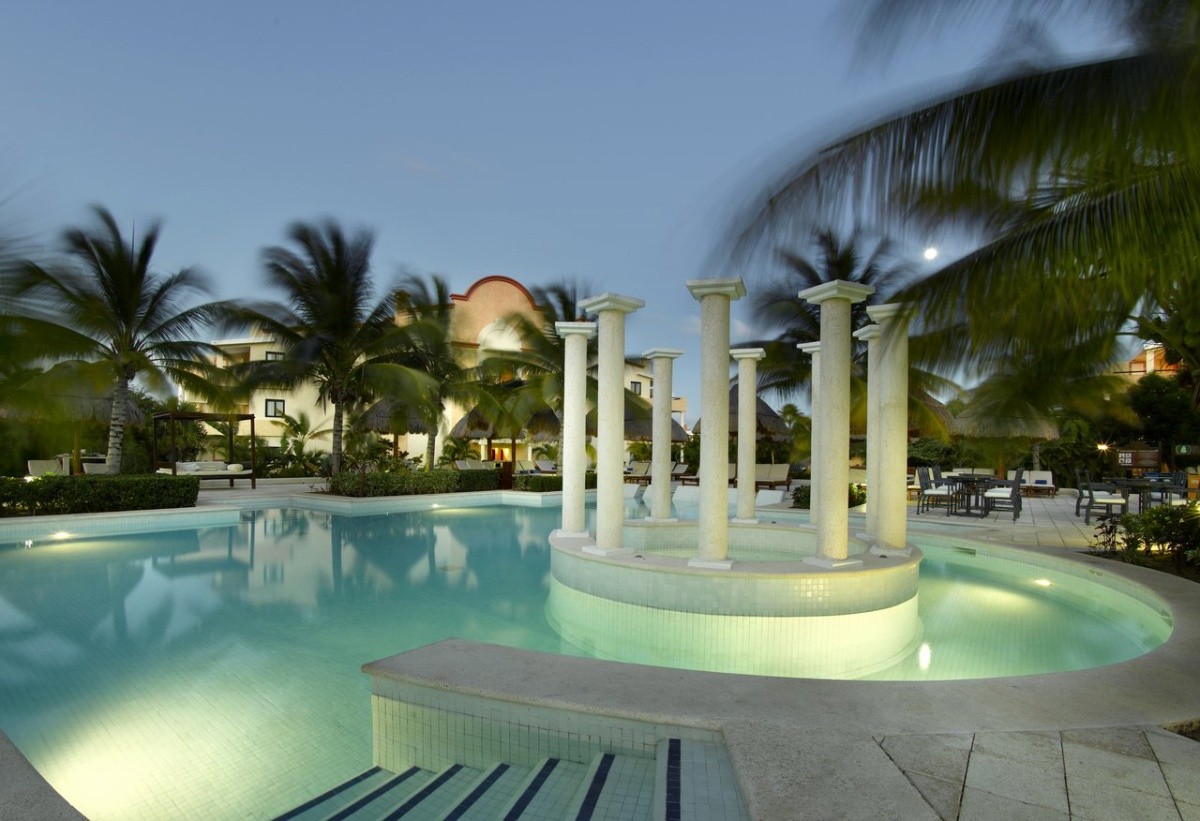 Grand Palladium Colonial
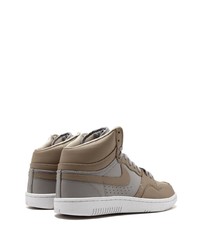 graue hohe Sneakers aus Leder von Nike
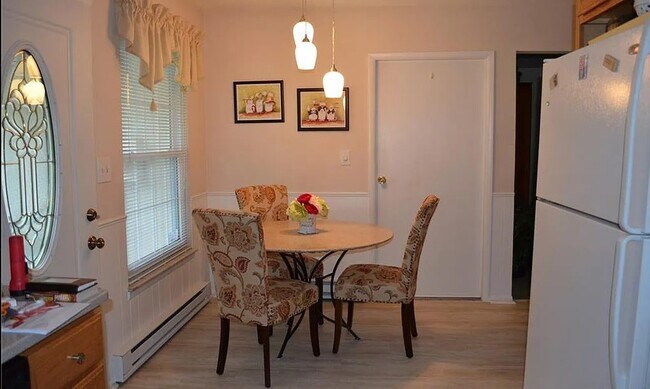 Eat in Kitchen - 865A Inverness Ct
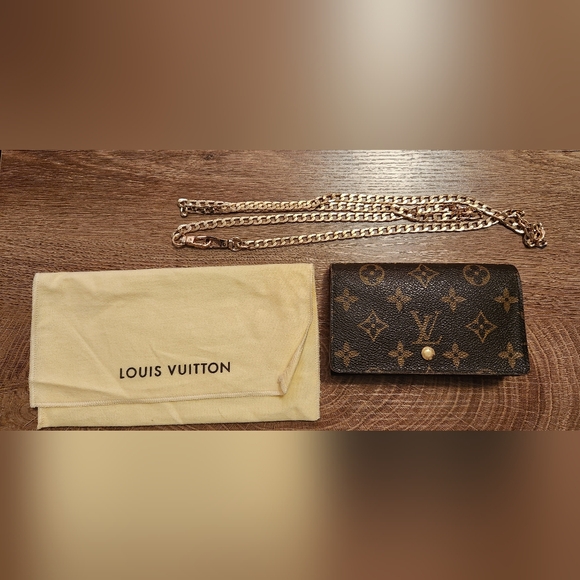 Louis Vuitton Classic Brown Monogram Wallet With Dust Bag - Picture 8 of 8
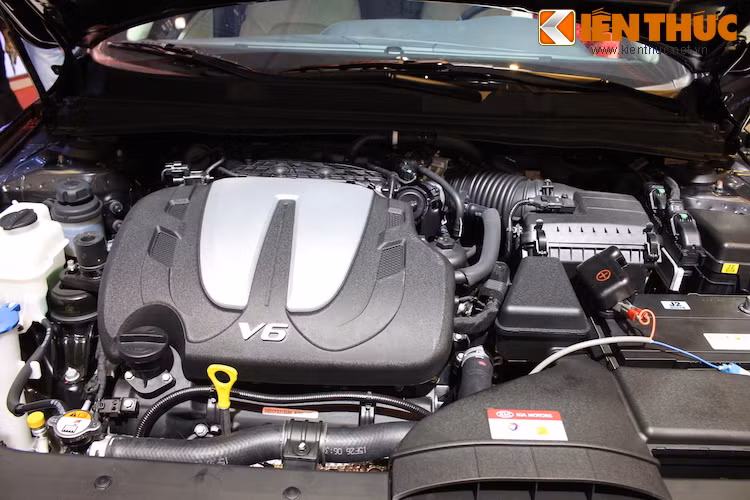 Kia Cadenza được trưng bày tại triển lãm VMS sử dụng động cơ 3.5 V6 mạnh 290 mã lực, cùng với mô-men xoắn cực đại 338 Nm.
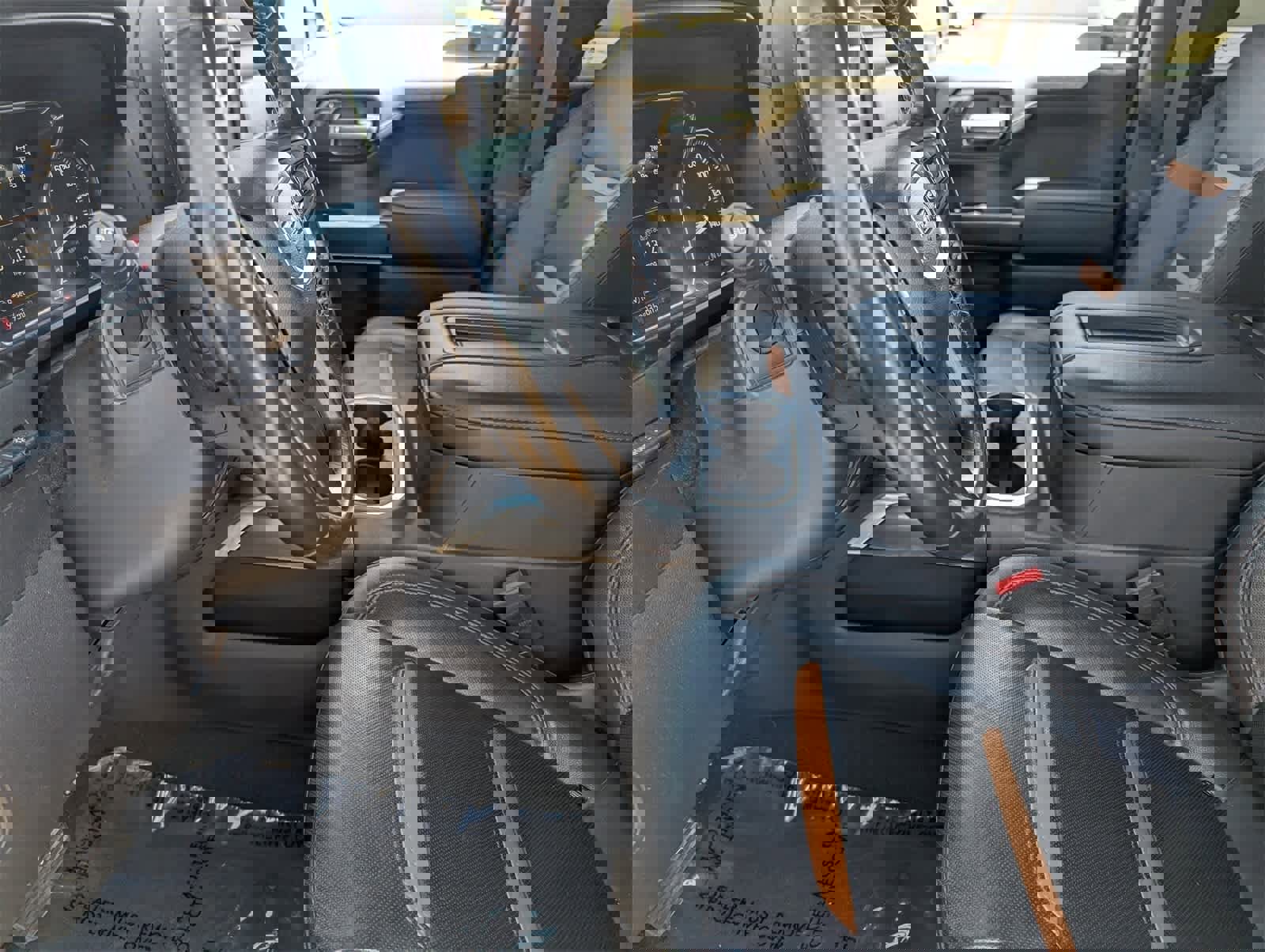 Used 2021 GMC Sierra 1500 AT4 w/ AT4 Premium Package image 23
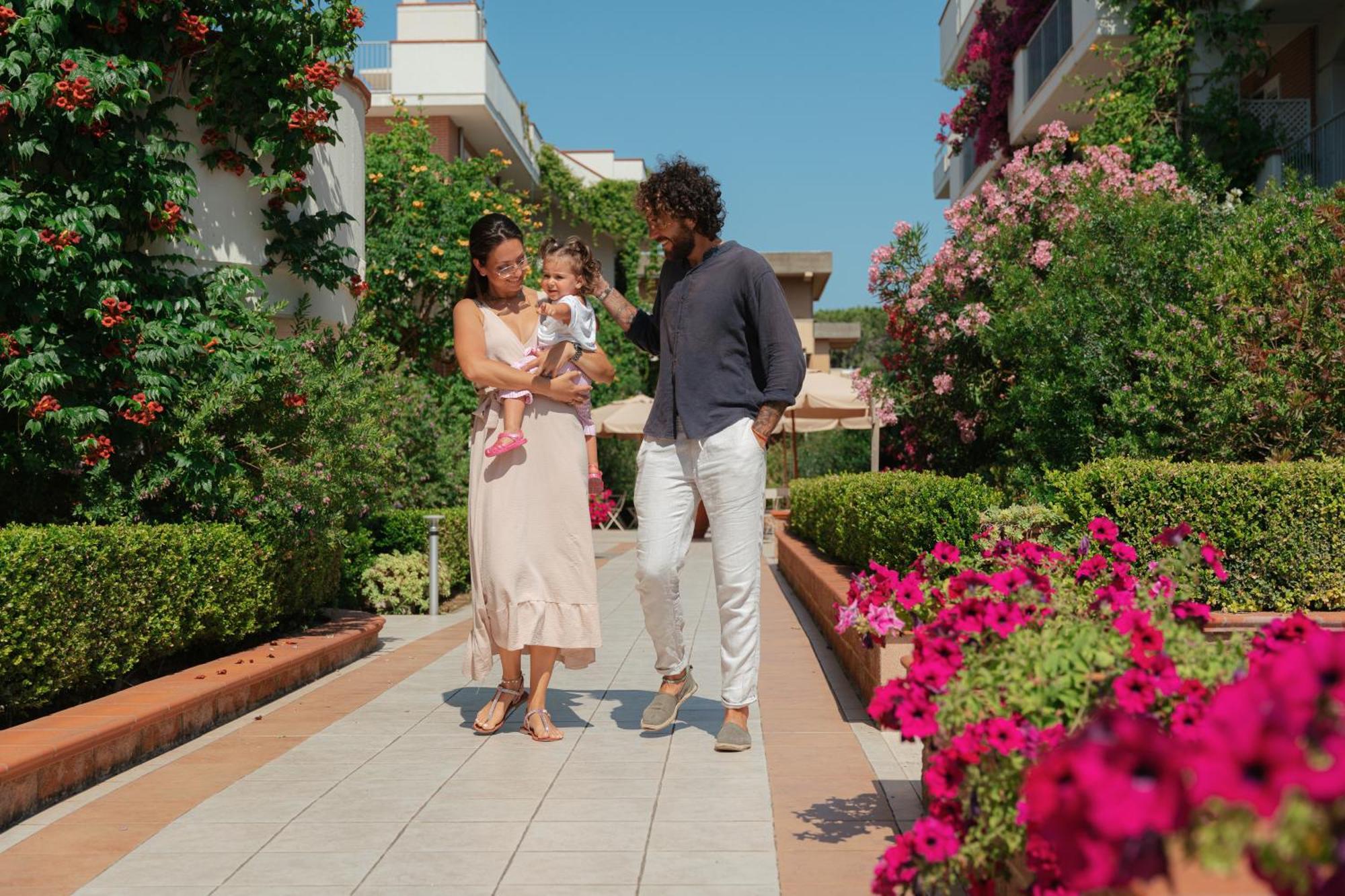 I Cinque Pini Hotel Follonica Exterior photo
********************
The response must consist of the entries above exactly as they stand, minus any pictures.

**Answer space:**
 Grand Palladium Colonial
 graue hohe Sneakers aus Leder von Nike
 Eat in Kitchen - 865A Inverness Ct
 Louis Vuitton Classic Brown Monogram Wallet With Dust Bag - Picture 8 of 8
 Kia Cadenza được trưng bày tại triển lãm VMS sử dụng động cơ 3.5 V6 mạnh 290 mã lực, cùng với mô-men xoắn cực đại 338 Nm.
 Used 2021 GMC Sierra 1500 AT4 w/ AT4 Premium Package image 23
 I Cinque Pini Hotel Follonica Exterior photo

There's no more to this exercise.